Vous parlez de « révolution douce », pourquoi ?
« Révolution » parce qu'en dix ans, les différentes réformes ont, sinon renversé les piliers, au moins bouleversé les principes de la politique sanitaire et sociale. « Douce », parce que cette transformation s'est faite essentiellement par la loi avec une production de textes largement supérieure à celle de la dernière moitié du XXe siècle. Ce qui ne veut pas dire que la société civile n'y a pas participé. Que ce soit pour la loi 2002-2, celles sur le handicap du 11 février 2005 ou sur la protection de l'enfance de mars 2007, la loi « hôpital, patients, santé et territoires », les fédérations et leurs associations se sont impliquées à travers les nombreux débats et les propositions d'amendements, voire les pétitions, qui ont précédé et accompagné la rédaction des textes.
Ces réformes ne se sont donc pas faites dans le dos des professionnels...
Non, mais, en même temps, ces changements radicaux n'ont pas été précédé de mouvements sociaux permettant de débattre de la meilleure manière d'aborder la question sociale. Point de grandes grèves comme en mai 1936 avant le Font populaire, ou en 1968 avant les accords de Grenelle. Comme si les exécutifs successifs, en mobilisant les consciences sur l'urgence des transformations nécessaires, avaient demandé aux élus de faire leur « devoir » en mettant de côté les conséquences sociales, organisationnelles, professionnelles, de ces changements. D'où un certain paradoxe : si la société civile y a, au moins en partie, participé, cette révolution s'est effectuée sans quasiment toucher à l'organisation des politiques sanitaires et sociales. Certes on a fermé des enveloppes, proposé des contrats pluriannuels d'objectifs et de moyens et des groupements de coopération sociale et médico-sociale. Mais les établissements, même s'ils sont bousculés par l'évaluation interne, fonctionnent sur les mêmes bases qu'à la fin des années 70. Dans ce contexte paradoxal, les intervenants n'y comprennent plus rien. Ils sont dans une incertitude quotidienne, qui produit plus de perplexité que d'innovation. Or, plus que de recommandations produites par les nouvelles agences - qui s'ajoutent à la masse de textes à assimiler -, ils ont besoin de comprendre le sens de ces bouleversements, d'en percevoir le fil rouge et la cohérence.
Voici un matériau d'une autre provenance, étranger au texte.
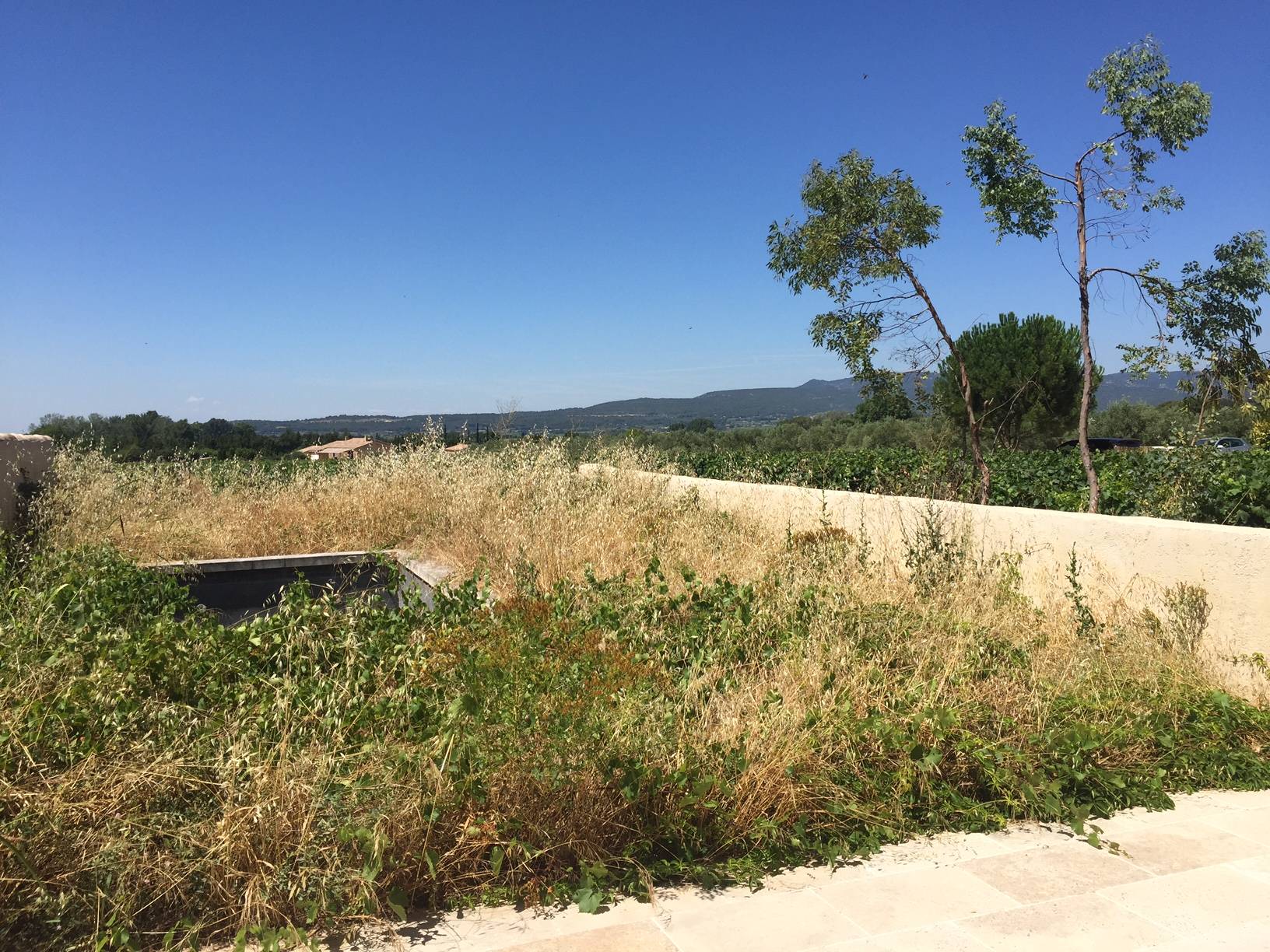 Maison de hameau restaurée à vendre à Oppède avec jardin et piscine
Comment leur permettre de s'approprier ces réformes ?
Dans l'ensemble des lois, on retrouve les mêmes principes « architectoniques ». Toutes renvoient à la compréhension personnalisée et partagée de situations de vulnérabilité, aux notions de « parcours » et de « plan personnalisé partagé », à une stratégie globale d'intervention dans des territoires de vie. On pourrait partir de ces principes pour impulser de la méthode et de l'accompagnement afin de réorganiser l'ensemble du dispositif social et médico-social et les organisations de travail. Il me semble ainsi urgent de développer une recherche appliquée aux territoires, mais également de réfléchir à la manière de prendre en compte effectivement les personnes dans les services (comment se décline leur autonomie dans les stratégies d'intervention ? quels changements organisationnels implique le projet de vie ?) et de définir une nouvelle gouvernance des institutions et administrations. Si on ne veut pas que ces réformes tournent court, il faut aller au-delà de la mise aux normes des pratiques et ne pas avoir peur de remettre en cause la place des travailleurs sociaux, des groupes d'usagers, des politiques. La « révolution organisationnelle » reste à mener, surtout si on souhaite que cette deuxième phase soit douce, elle aussi.
(1) Intervenu à la journée de valorisation DEIS/Cafdes, « Du sujet au projet : la double tension individualisation/territorialisation », le 11 février à l'IRTS de Bretagne.